In the U.S., hurricanes in the Southeast, tornadoes in the Midwest, hailstorms in the north and wildfires throughout the West battered the country. In Canada, late-winter storms in the East; tornadoes, hail and wind in the West; and Hurricane Fiona in Eastern Quebec and the Maritimes made 2022 the third-most costly year for insured damage in the country’s history.
But there is hope that prices will moderate soon. Inflation in the U.S. has fallen steadily since its peak of 9% in June 2022, and few lingering supply chain bottlenecks from the pandemic remain. Insureds who invest in mitigation strategies are likely to see the greatest benefits.
Commercial property rates have been on the rise — increasing every quarter since 2018. Adding to the market burdens are record disaster losses and higher costs for building materials, equipment, labor and financing. For property insurers, those rising prices drove up loss costs $30 billion in 2021, marking a trend that continued into 2022.

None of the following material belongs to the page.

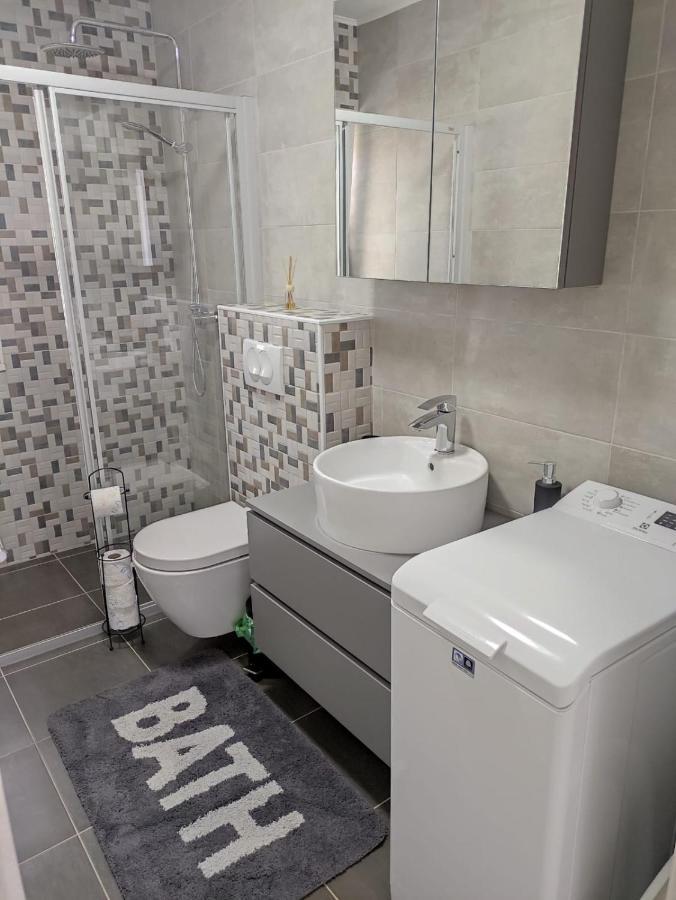 Apartman Ivana Biograd Na Moru Exteriér fotografie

The rising prices have also affected property valuations: Nearly one-third of commercial properties are undervalued, creating gaps between coverage amounts and rebuilding costs.
For most of the U.S., property insurance rates will rise 10% to 25%; properties in catastrophe-prone locations will see even more rate elevation. In Canada, rates will increase 5% to 15%, largely due to increased valuations. But there are signs that the market may peak this summer.
Underwriters are requiring property owners to post updated property valuations while shoring up terms and conditions. Best-in-class commercial property will obtain the most favorable terms and be first in line for rate relief.
Catastrophes and inflation contributing to rising rates
A lack of underwriting appetite for commercial properties among carriers will exacerbate challenges for property owners. Since the end of 2022, more than 85% of risk managers reported seeing reduced commercial property capacity. Insurers are scaling back coverages and in some cases, exiting difficult markets altogether.
While commercial insureds in Florida and Louisiana have had difficulty finding sufficient property coverage for many years, the capacity crunch has gotten worse. In Florida, more than a dozen insurance companies have been placed into receivership in the past two years, further crunching capacity.
With high inflation and rising construction prices, commercial companies may not be able to purchase full replacement cost for their buildings — which can leave them in violation of loan covenants.
Other states are feeling the pinch. Insurers are cutting capacity in Texas, which suffered immense property damage from the deep freeze of February 2021 and hurricanes hitting its Gulf Coast. Carriers are pulling away from tornado-prone states like Oklahoma, and reducing their interest in underwriting earthquake coverage across the U.S.
Insurers have also been fleeing California for reasons beyond wildfires.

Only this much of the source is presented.